Instructions to follow: Print exactly the lines below between the line holding "Photo 1 of SHARK PRO STEAM MOP S3601" and the line holding "Fahrradfahrer auf malerischem", inclusive, and nothing more.

Data items
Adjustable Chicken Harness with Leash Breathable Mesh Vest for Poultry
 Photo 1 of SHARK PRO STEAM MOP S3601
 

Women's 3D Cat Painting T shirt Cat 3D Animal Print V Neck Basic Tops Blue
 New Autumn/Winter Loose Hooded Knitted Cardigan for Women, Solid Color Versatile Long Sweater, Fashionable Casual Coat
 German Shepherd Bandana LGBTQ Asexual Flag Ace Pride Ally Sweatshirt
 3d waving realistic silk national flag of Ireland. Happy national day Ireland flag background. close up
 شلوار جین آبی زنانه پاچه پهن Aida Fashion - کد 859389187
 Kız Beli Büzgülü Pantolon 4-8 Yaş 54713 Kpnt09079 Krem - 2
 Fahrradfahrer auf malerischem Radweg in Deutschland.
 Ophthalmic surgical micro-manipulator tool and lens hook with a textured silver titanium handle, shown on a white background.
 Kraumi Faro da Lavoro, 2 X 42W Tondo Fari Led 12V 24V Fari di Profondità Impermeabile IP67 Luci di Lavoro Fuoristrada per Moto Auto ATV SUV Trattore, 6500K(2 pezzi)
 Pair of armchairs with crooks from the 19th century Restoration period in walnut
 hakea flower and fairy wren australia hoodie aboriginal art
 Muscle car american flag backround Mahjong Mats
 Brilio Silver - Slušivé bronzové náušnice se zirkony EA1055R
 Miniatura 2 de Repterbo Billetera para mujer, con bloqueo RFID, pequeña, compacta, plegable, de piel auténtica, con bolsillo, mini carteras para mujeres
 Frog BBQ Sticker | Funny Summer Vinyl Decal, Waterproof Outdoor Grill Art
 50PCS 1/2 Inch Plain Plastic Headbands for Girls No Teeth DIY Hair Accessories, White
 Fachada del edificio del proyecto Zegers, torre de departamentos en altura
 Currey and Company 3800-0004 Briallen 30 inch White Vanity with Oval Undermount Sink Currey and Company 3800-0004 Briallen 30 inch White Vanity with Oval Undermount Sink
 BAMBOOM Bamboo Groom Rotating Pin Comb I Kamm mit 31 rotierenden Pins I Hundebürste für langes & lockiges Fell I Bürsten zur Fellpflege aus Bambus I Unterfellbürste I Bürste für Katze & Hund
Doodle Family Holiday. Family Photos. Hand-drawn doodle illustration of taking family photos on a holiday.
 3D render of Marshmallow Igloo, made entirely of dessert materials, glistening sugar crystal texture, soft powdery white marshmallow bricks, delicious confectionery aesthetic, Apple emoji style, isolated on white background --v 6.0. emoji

Solution for this exercise:
 Photo 1 of SHARK PRO STEAM MOP S3601
 

Women's 3D Cat Painting T shirt Cat 3D Animal Print V Neck Basic Tops Blue
 New Autumn/Winter Loose Hooded Knitted Cardigan for Women, Solid Color Versatile Long Sweater, Fashionable Casual Coat
 German Shepherd Bandana LGBTQ Asexual Flag Ace Pride Ally Sweatshirt
 3d waving realistic silk national flag of Ireland. Happy national day Ireland flag background. close up
 شلوار جین آبی زنانه پاچه پهن Aida Fashion - کد 859389187
 Kız Beli Büzgülü Pantolon 4-8 Yaş 54713 Kpnt09079 Krem - 2
 Fahrradfahrer auf malerischem Radweg in Deutschland.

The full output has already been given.